Cold and mostly clear. A pileated woodpecker riot of one vents its fury in a glowing, golden canopy of chestnut oaks.
October 2016
Sunday October 30, 2016
Gray in the west, yellow in the east, blue overhead. A tiny sharp-shinned hawk lands in a yard tree and only one squirrel bothers to scold.
Saturday October 29, 2016
Warm eddies mingle with the cold. A flock of sparrows moves through the meadow, singing, twittering, setting the goldenrod heads asway.
Friday October 28, 2016
In the big oaks tossing in the wind, finally some splotches of color. A freight train’s out-of-tune horn blows a chord unknown to music.
Thursday October 27, 2016
Goldfinches repopulate a leafless birch and sit eating seeds. From the east, the sound of the quarry’s crusher, its breakfast of stones.

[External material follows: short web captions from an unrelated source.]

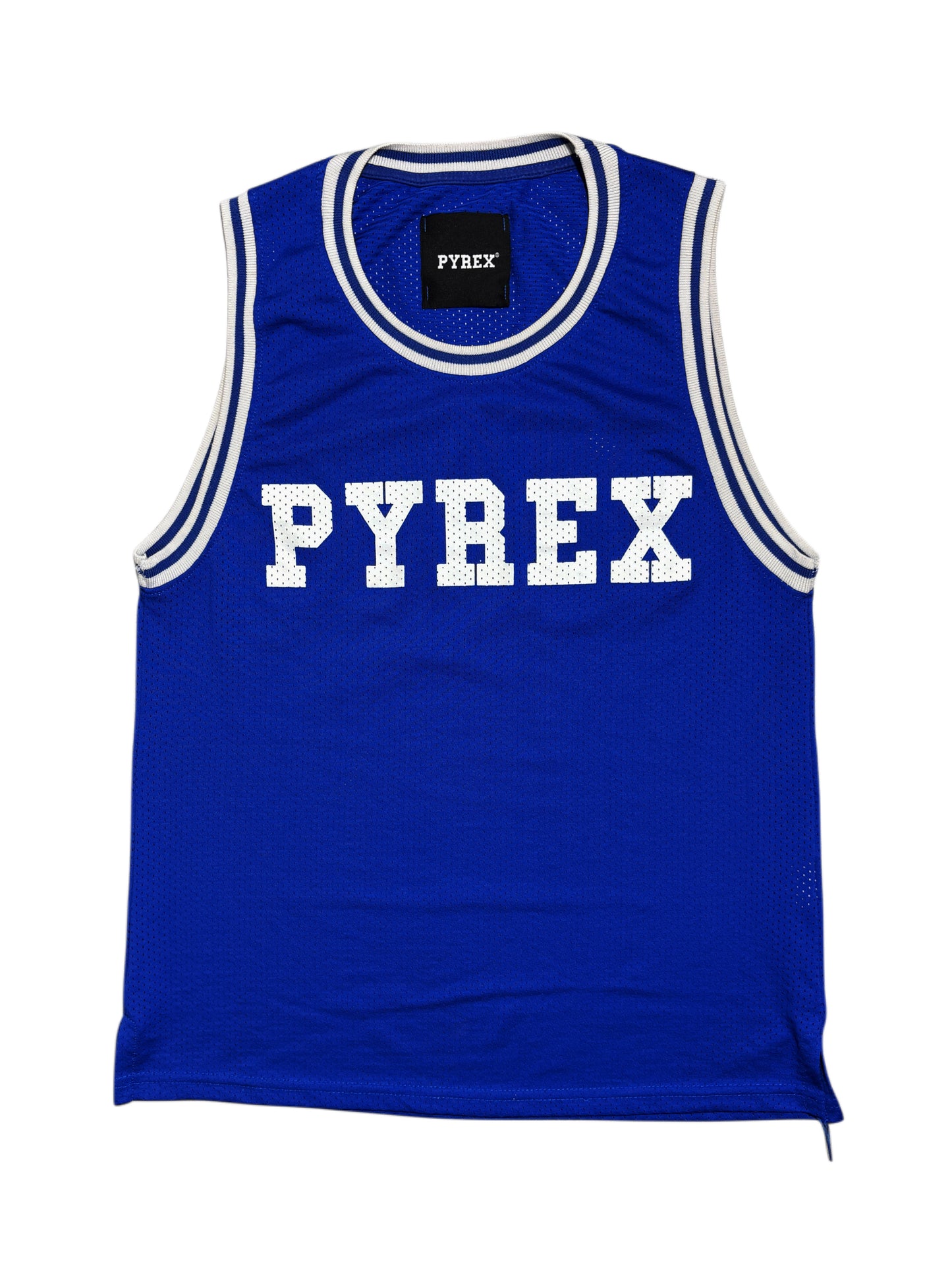 Pyrex Jersey
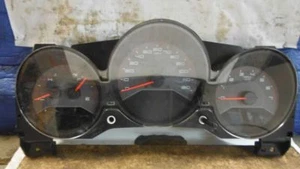 13 DODGE AVENGER SPEEDOMETER CLUSTER MPH 120 W/O DISPLAY SCREEN 258400 - Bild 1 von 12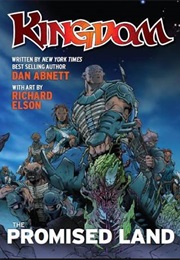 Kingdom (Dan Abnett & Richard Elson)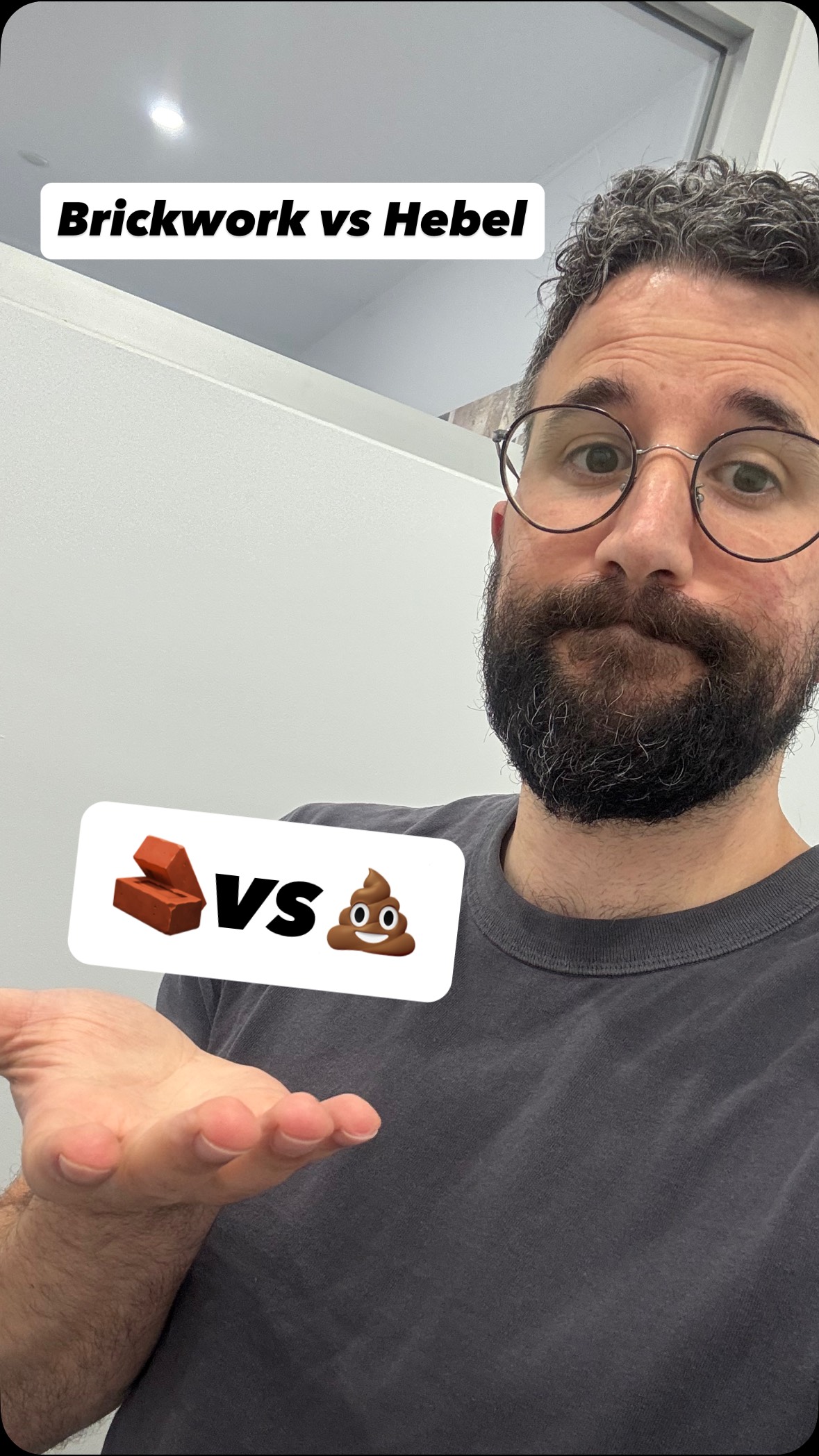 Brickwork Vs Hebel The construction industry is changing day by. Innovation and new products are always knocking on the door. One of which is Hebel! Let’s Talk about it !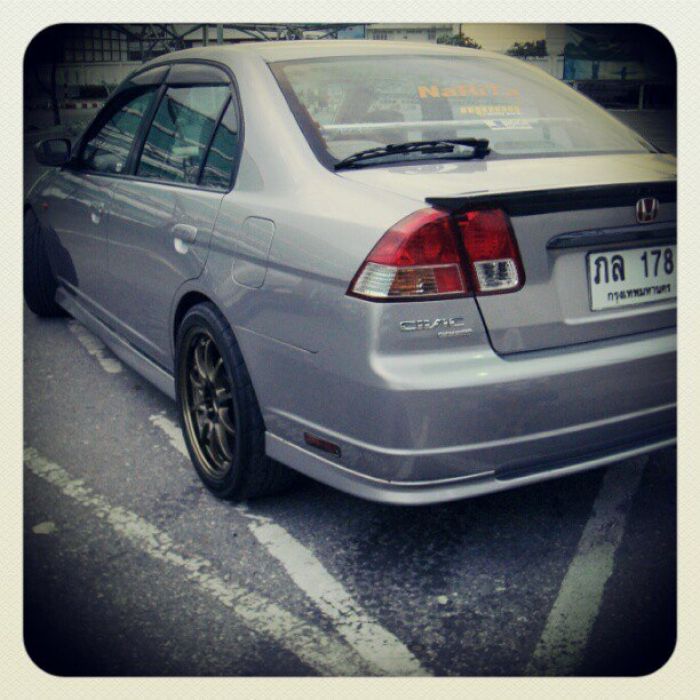 JDM YOKOMOJI หน้า9
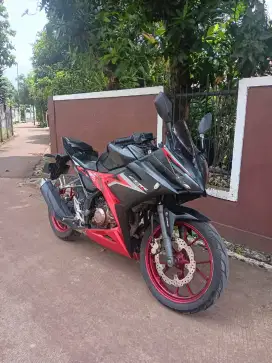 Termurah Honda CBR 150cc 2020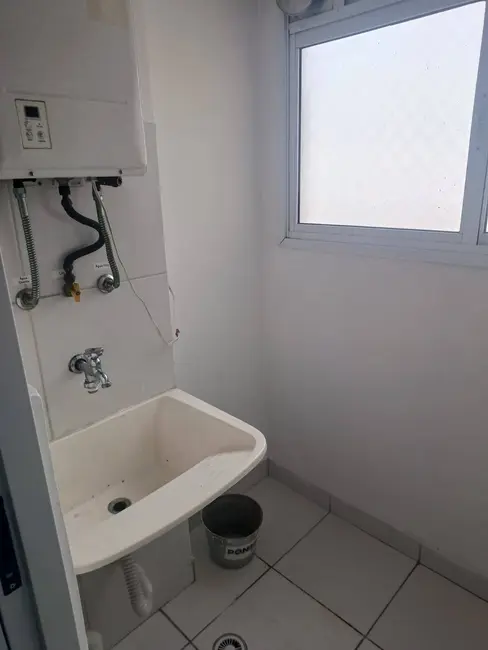 Foto 4 de Apartamento com 3 quartos à venda e para alugar, 63m2 em Jardim Vila Formosa, São Paulo - SP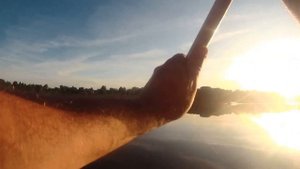 Рыбалка с друзьями в Твери на матушке Волге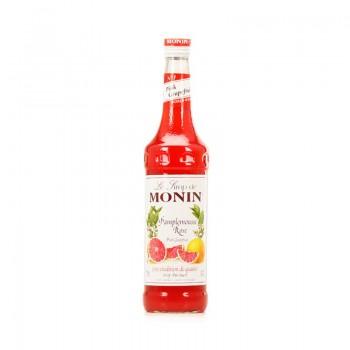 Sirop Monin Pamplemousse Rose 70CL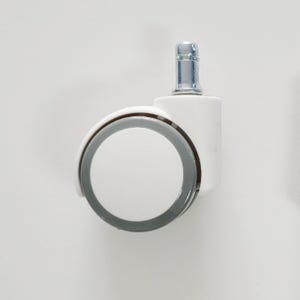 뷰티즈체어 (에듀체어) AS용 바퀴/고정발/싯브레이크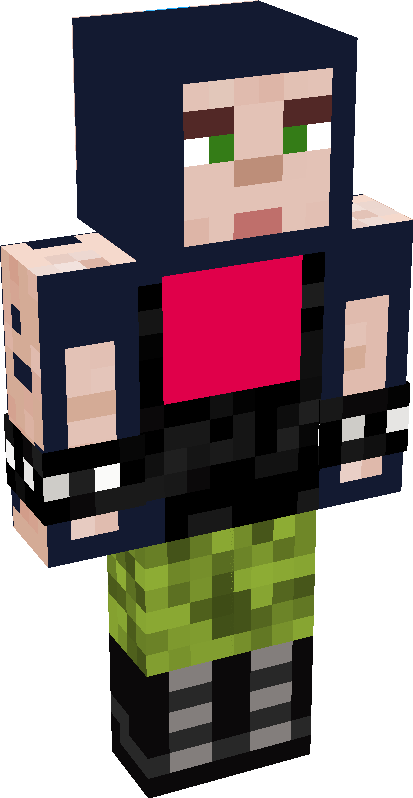 Minecraft Skins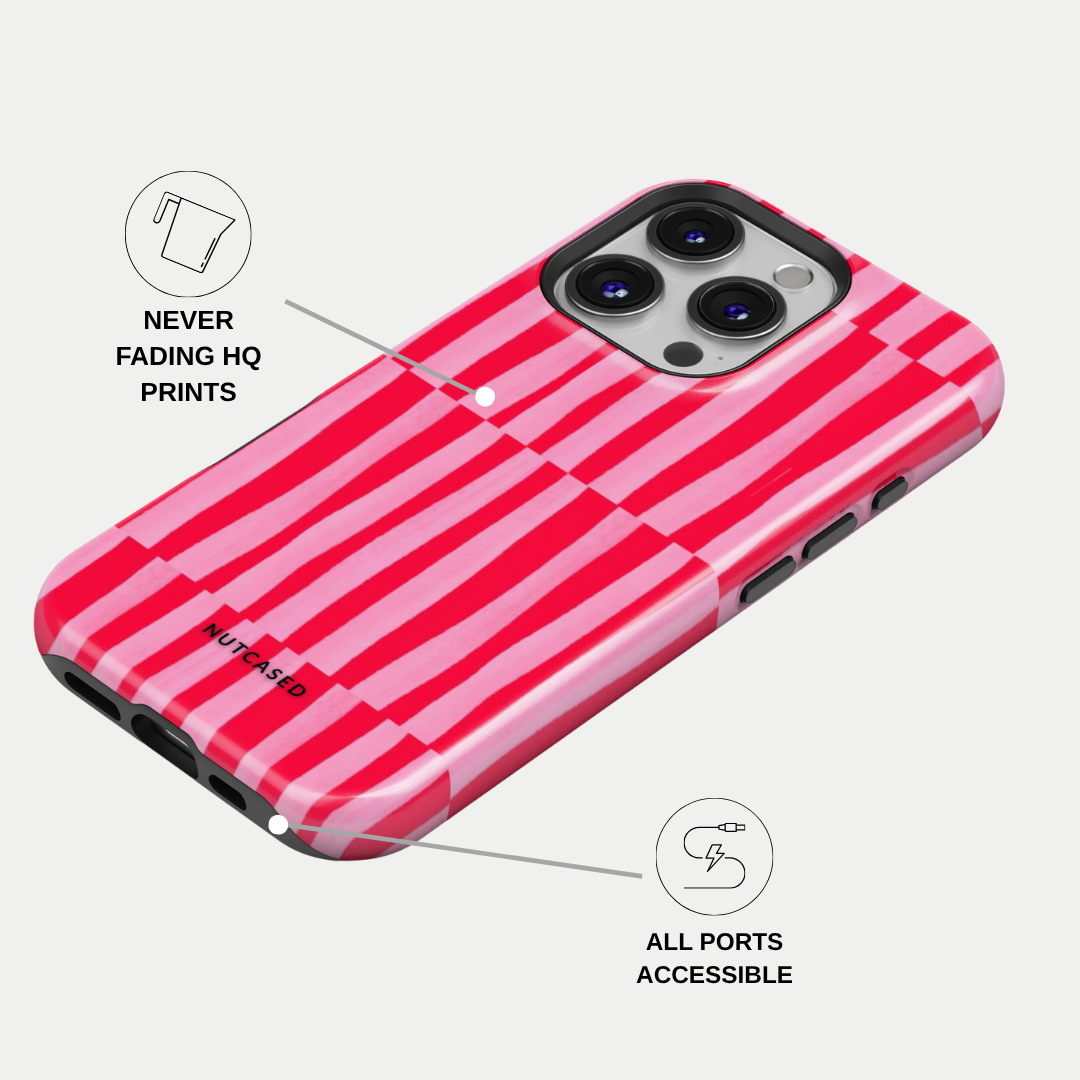 Electric Magenta
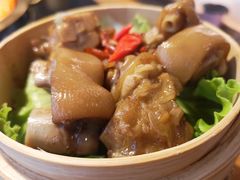 -王婆乔鲜鱼自助火锅(蜀汉路店)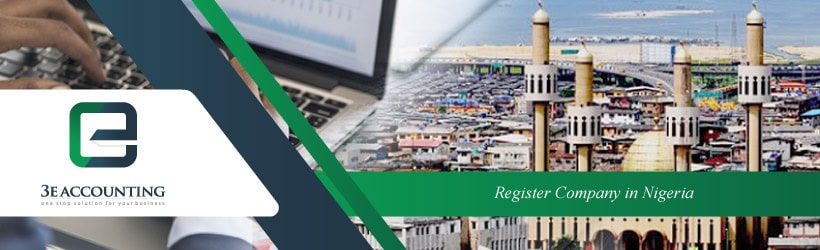 Daftar Syarikat di Nigeria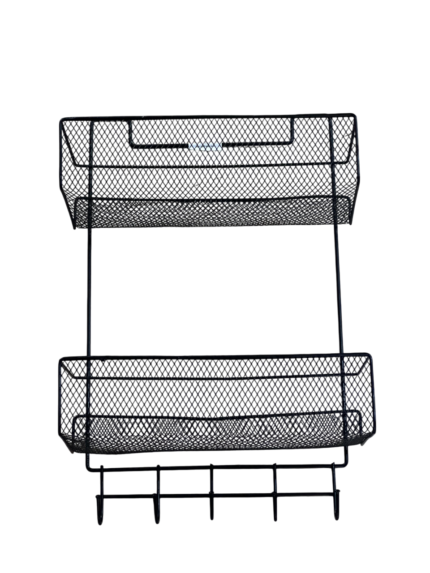 2-Tier Shampoo Holder
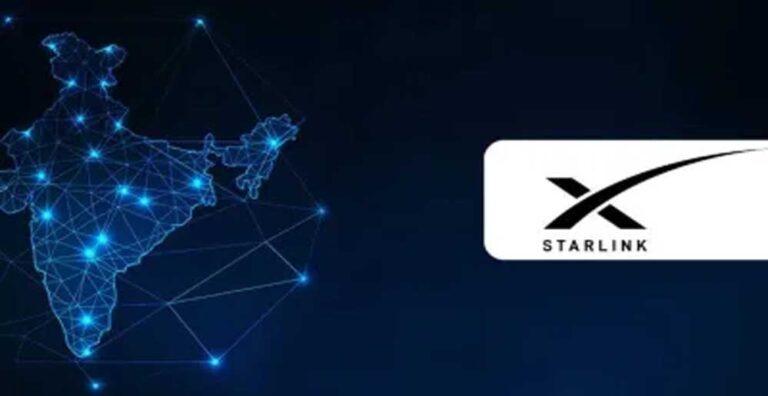 एलॉन मस्क की कंपनी स्टारलिंक को भारत में दूरसंचार मंत्रालय से लाइसेंस मिला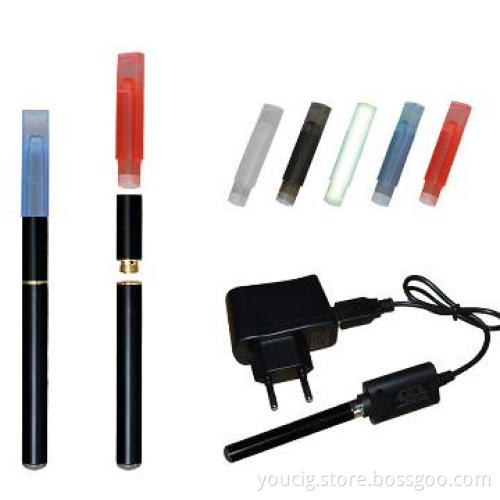 Hot sell health 510 electronic cigarette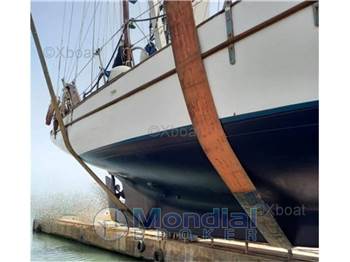 Chung hwa Ketch taipei 36
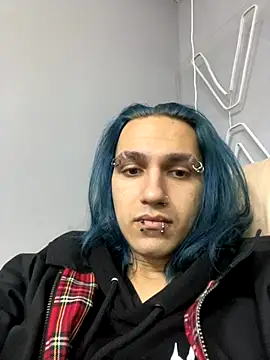Snapshot of 66Fallen_Angel66 chatting on October 3, 4:37 pm 66Fallen Angel66 online show from October 3, 4:37 pm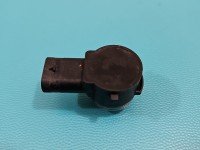 Czujnik parkowania PDC Mercedes W205 A0009055504, 1504151125 czarny 197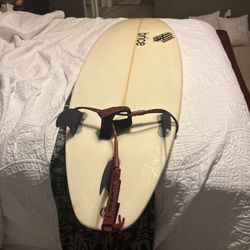 Surf Board
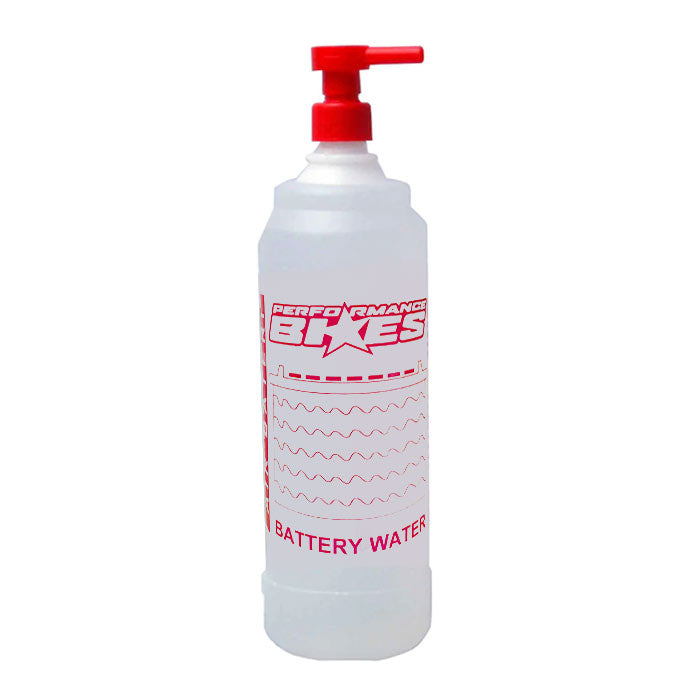 Battery Water 1000ml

Wednesday October 26, 2016
Sun through thin, high clouds—light for a much milder morning than this one in which periwinkle leaves glitter with melting hoarfrost.
Tuesday October 25, 2016
The wind persists, and now that the walnut trees are bare I can see the aspens by the marsh, their perpetually agitated crowds yellowing up.
Monday October 24, 2016
Over the wind, the twittering of chickadees trailing a flock of kinglets into the birches. Two brown creepers appear on adjacent trunks.
Sunday October 23, 2016
Cloudy and cold. The soft back-and-forth of sparrows flitting between woods and meadow. The distant keening of an ambulance.
Saturday October 22, 2016
Snowflakes backlit by the sun. Unlike rain they don’t just fall; they fly. A strip of bark is draped over a birch twig like a spare tie.
Friday October 21, 2016
After last night’s storm, all the birches and maples at the woods’ edge have lost their bright leaves, the oaks beyond still a sombre green.
Thursday October 20, 2016
The tulip poplar sapling in the yard glows in the sunlight, a golden column. A honeybee buzzes around the empty light socket above my head.
Wednesday October 19, 2016
The barberry beside the stream is turning from the inside out: under a green cloak, salmon pink, blood-red beads, the hurdy-gurdy of a wren.
Tuesday October 18, 2016
White-throated sparrows move through the dead meadow, roaming musicians with one tune between them, the air above suddenly full of leaves.